# Foros Todo sobre Agricultura Comercialización  Comercializacion PALTA HASS

## HABR

Mi nombre es Rolando y soy un pequeño productor de palta Hass y Fuerte, mi parcela se encuentra ubicada en la antigua hacienda Macacona en Ica. Este año tendré una producción aproximada de 20000kg, ayer me vinieron a visitar unos acopiadores que me ofrecieron US$1.00 x kg de palta Hass, precio pagado en la planta. Quisiera que ustedes me orienten y me diga si es un precio conveniente, o si este es el precio que se esa pagando normalamente en el campo, o en todo caso me diga en donde puedo averiguar u constatar que me estan pagando el precio apropiado. 
Sin mas y agradeciendole por su gentil atención 
atte 
RolandoTemas similares: Palta Hass Peruana palta hass Ofrezco Palta hass y palta fuerte Palta Hass CAT 2 Palta hass

----------


## Rolando Vila

Quisiera saber el precio estimado, aproximado, promedio de lo que deberían pagar los acopiadores a los productores de palta Hass?????....alguien me puede ayudar????....
Gracias!!!!!!

----------


## Bruno Cillóniz

Hola Rolando: 
Disculpa porque recién aprobé el registro de tu usuario... 
Con respecto a tu consulta, te dejo el enlace al *Sistema de Abastecimiento y Precios del MINAG*. Ahí vas a encontrar precios de los mercados mayoristas, para que te hagas una idea de cuánto están pagan por acá y puedas negociar mejor con el comprador:   http://sisap.minag.gob.pe/portal/index.php 
De todas formas, te recomiendo también ofrecer tu producción de palta en la sección de Clasificados (Productos Agropecuarios) para ver si alguien te ofrece un mejor precio. Como siempre les digo a todos, tal vez una fotos de tus paltas te ayuden a conseguir interesados. 
Espero te sirva esa fuente de infomación, y espero también que otros con más experiencia te puedan orientar para que consigas un buen precio por tus paltas. 
Por otra parte, no sé si estás enterado, pero estamos haciendo un Seminario de Manejo del Cultivo y Comercialización del Palto el 24 y 25 de este mes. Si estás interesado, podría ser una buena oportunidad para aprender un poco más de expertos nacionales e internacionales en la materia.

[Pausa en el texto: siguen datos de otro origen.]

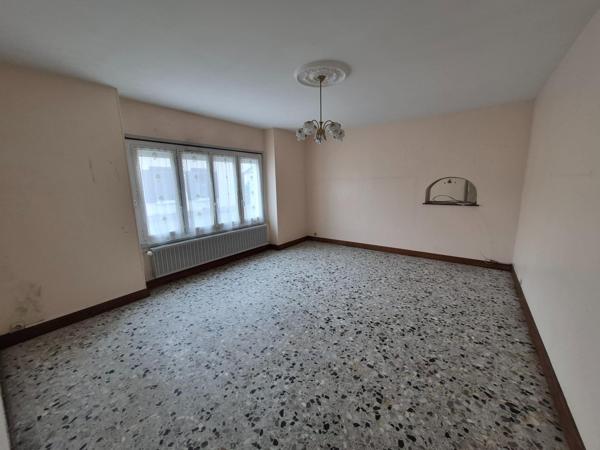 MAISON A RESTAURER + Jardin + Hangar + Caves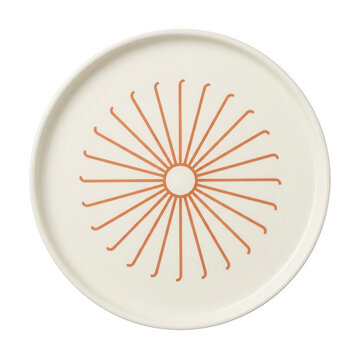 Piatto rotondo in ceramica color crema con un motivo geometrico minimalista color terracotta a forma di sole radioso, isolato su sfondo bianco.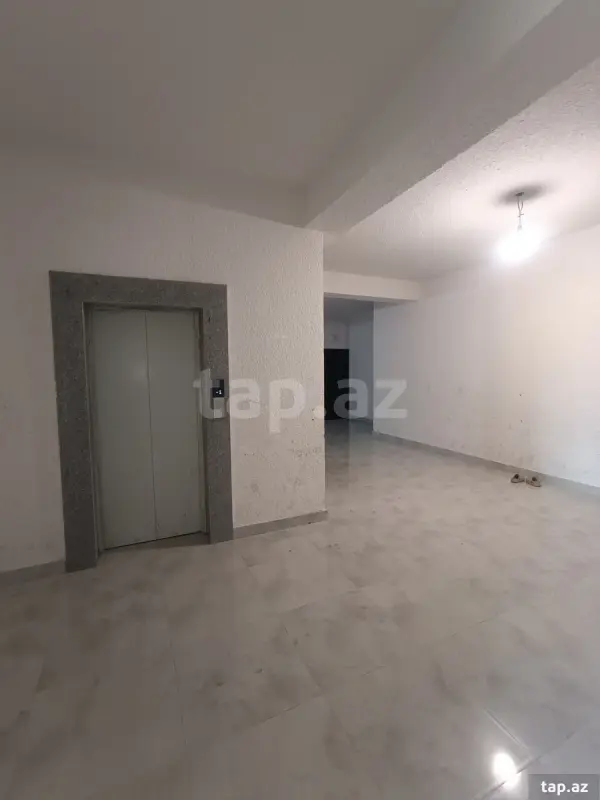 Satılır 3 otaqlı yeni tikili 76 m²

Ahí podrías convesar y establecer contacto con otros productores de palta hass del Perú. 
Saludos, y si tienes más dudas, plantéalas para ver si puedo conseguirte la información.

----------


## perúamazónico

No puedo hablarte sobre precios, pero lo que sí te aconsejaría es que averigües sobre el "comercio justo", que es promovido por algunas ONGs, así como también por las Naciones Unidas.  Ellos se abocan a desarrollar una relación económica entre consumidores y productores de manera "justa", como su nombre lo indica;  lo cual, tiene claros beneficios económicos (a manera de un plus) en favor de los productores.

----------


## Jack Jimenez Pereda

Rolando, sino has tenido suerte con la página proporcionada por nuestro administrador, te adjunto un resumen, 
saludos     PrecioHass 2009-20.jpg

----------


## lralvares

Colaborando más en este tema coloco los precios diarios del minag, el cual lo saque de la siguiente dirección: *http://sisap.minag.gob.pe/portal/index1.php*  seleccionando la sección *Diaria* y dentro Producto *Palta*, variedad *Palta Hass (COSTA)*, reporte *PRECIOS*, luego selecciona el rango de fecha deseado. 
Complementando este precio se trata de precio mayorista (precio el cual vende el mayorista al minorista). 
Saludos y si bien mi profesión no esta ligada directamente al tema agraria, busco información para consultorías que se hacen en nuestra empresa. 
Luis Alvares 
P.D.: Recalco lo que dice bcilloniz *Por otra parte, no sé si estás enterado, pero estamos haciendo un Seminario de Manejo del Cultivo y Comercialización del Palto el 24 y 25 de este mes. Si estás interesado, podría ser una buena oportunidad para aprender un poco más de expertos nacionales e internacionales en la materia. Ahí podrías convesar y establecer contacto con otros productores de palta hass del Perú.*

----------


## HABR

Gracias a todos por sus respuestas.
Saludos,

----------


## Juan Pablo Valdivia

Hola a todos, estoy haciendo un trabajo de Tesis en Cajamarca (Promocion IV - Centrum Católica) y nuestro tema es acerca de la formulación de un Plan Estratégico para un producto. Quisiera plantear una consulta: ¿*A que fuente de información debería recurrir para averiguar que cultivos se están actualmente produciendo en el valle de Condebamba (Provincias de San Marcos y Cajabamba) que tengan caracteristicas o potencial de exportación*? . Tengo entendido, en principio que se está produciendo alguna variedad de palta y menestras.
Muchas gracias anticipadas por sus respuestas
Juan Pablo Valdivia

----------